RE: sched/cpufreq: Rework schedutil governor performance estimation - Regression bisected

From: Doug Smythies
Date: Tue Feb 13 2024 - 13:07:52 EST


On 2024.02.13 03:27 Vincent wrote:
> On Sun, 11 Feb 2024 at 17:43, Doug Smythies <dsmythies@xxxxxxxxx> wrote:
>> On 2024.02.11 05:36 Vincent wrote:
>>> On Sat, 10 Feb 2024 at 00:16, Doug Smythies <dsmythies@xxxxxxxxx> wrote:
>>>> On 2024.02.09.14:11 Vincent wrote:
>>>>> On Fri, 9 Feb 2024 at 22:38, Doug Smythies <dsmythies@xxxxxxxxx> wrote:
>>>>>>
>>>>>> I noticed a regression in the 6.8rc series kernels. Bisecting the kernel pointed to:
>>>>>>
>>>>>> # first bad commit: [9c0b4bb7f6303c9c4e2e34984c46f5a86478f84d]
>>>>>> sched/cpufreq: Rework schedutil governor performance estimation
>>>>>>
>>>>>> There was previous bisection and suggestion of reversion,
>>>>>> but I guess it wasn't done in the end. [1]
>>>>>
>>>>> This has been fixed with
>>>>> https://lore.kernel.org/all/170539970061.398.16662091173685476681.tip-bot2@tip-bot2/
>>>>
>>>> Okay, thanks. I didn't find that one.
>>>>
>>>>>> The regression: reduced maximum CPU frequency is ignored.
>>
>> Perhaps I should have said "sometimes ignored".
>> With a maximum CPU frequency for all CPUs set to 2.4 GHz and
>> a 100% load on CPU 5, its frequency was sampled 1000 times:
>> 28.6% of samples were 2.4 GHz.
>> 71.4% of samples were 4.8 GHz (the max turbo frequency)
>> The results are highly non-repeatable, for example another sample:
>> 32.8% of samples were 2.4 GHz.
>> 76.2% of samples were 4.8 GHz
>>
>> Another interesting side note: If load is added to the other CPUs,
>> the set maximum CPU frequency is enforced.
>
> Could you trace cpufreq and pstate ? I'd like to understand how
> policy->cur can be changed
> whereas there is this comment in intel_pstate_set_policy():
> /*
> * policy->cur is never updated with the intel_pstate driver, but it
> * is used as a stale frequency value. So, keep it within limits.
> */
>
> but cpufreq_driver_fast_switch() updates it with the freq returned by
> intel_cpufreq_fast_switch()

Perhaps I should submit a patch clarifying that comment.
It is true for the "intel_pstate" CPU frequency scaling driver but not for the
"intel_cpufreq" CPU frequency scaling driver, also known as the intel_pstate
driver in passive mode. Sorry for any confusion.

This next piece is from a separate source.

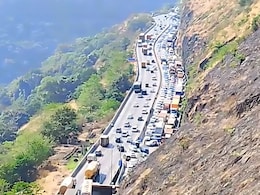 Traffic Jam : मुंबई-पुणे एक्सप्रेस वेवर मोठी वाहतूक कोंडी, वाहनांच्या लांबच लांब रांगा Traffic Jam : मुंबई-पुणे एक्सप्रेस वेवर मोठी वाहतूक कोंडी, वाहनांच्या लांबच लांब रांगा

I ran the intel_pstate_tracer.py during the test and do observe many, but
not all, CPUs requesting pstate 48 when the max is set to 24.
The calling request seems to always be via "fast_switch" path.
The root issue here appears to be a limit clamping problem for that path.
I'll try to attach a couple of graphs and screen shots from the tracer data.

I do not know how to trace cpufreq at the same time.

.. Doug

Attachment: all_cpu_pstates.png
Description: PNG image

Attachment: cpu5-example.png
Description: PNG image